MK Hapus Ambang Batas Presiden 20 Persen, DPR: Babak Baru Demokrasi Indonesia
- VIVA.co.id/Sherly (Tangerang)
Jakarta, VIVA - Ketua Komisi II DPR RI, Rifqinizamy Karsayuda, menyebut putusan Mahkamah Konstitusi yang menghapus ketentuan ambang batas pencalonan Presiden atau Presidential Threshold (PT) 20 persen, sebagai babak baru bagi perjalanan demokrasi bangsa. Dia pun menyambut baik putusan tersebut.
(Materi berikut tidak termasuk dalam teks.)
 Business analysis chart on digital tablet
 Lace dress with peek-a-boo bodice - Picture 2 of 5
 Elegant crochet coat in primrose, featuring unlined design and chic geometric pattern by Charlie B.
Dengan putusan MK tersebut, maka partai politik bisa mencalonkan orang untuk menjadi calon presiden atau capres di pemilu presiden, pilpres. Tidak seperti pilpres-pilpres sebelumnya yang mengharuskan partai politik dan atau gabunga partai, memenuhi jumlah suara 20 persen itu.
“Saya kira ini babak baru bagi demokrasi konstitusional kita, di mana peluang mencalonkan Presiden dan Wapres bisa lebih terbuka diikuti oleh lebih banyak pasangan calon dengan ketentuan yang lebih terbuka," kata Rifqi ditanyai awak media, Kamis, 2 Januari 2025.
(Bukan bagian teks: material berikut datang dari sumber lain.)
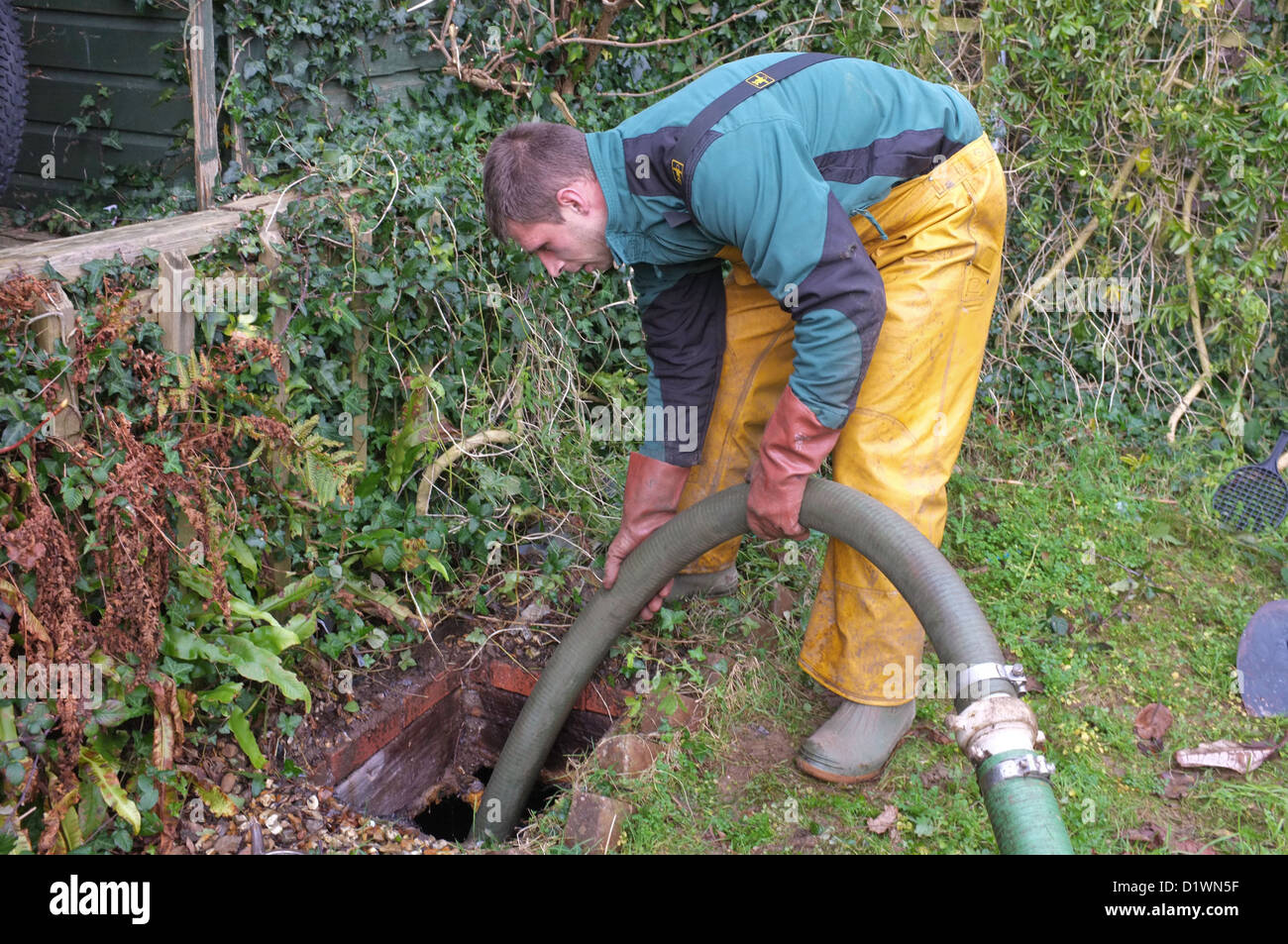 A septic tank being cleared Stock Photo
Karena itu, politikus Nasdem tersebut memastikan pihaknya bakal menindaklanjuti putusan Mahkamah Konstitusi (MK) yang menghapus ketentuan ambang batas pencalonan Presiden 20 persen itu.
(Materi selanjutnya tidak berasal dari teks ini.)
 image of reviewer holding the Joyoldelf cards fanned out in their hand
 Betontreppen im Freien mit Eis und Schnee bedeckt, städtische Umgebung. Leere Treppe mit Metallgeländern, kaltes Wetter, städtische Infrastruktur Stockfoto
"Tentu pemerintah dan DPR akan menindaklanjutinya dalam pembentukan norma baru di Undang-Undang terkait dengan syarat pencalonan presiden dan wakil presiden," kata Rifqi.
Dengan ketentuan tersebut, sehingga bisa diartikan pencalonan presiden dan wakil presiden bisa lebih terbuka terhadap semua partai politik.
"Apapun itu, Mahkamah Konstitusi keputusannya adalah final and binding. Karena itu kita menghormati dan kita berkewajiban menindaklanjutinya," imbuhnya.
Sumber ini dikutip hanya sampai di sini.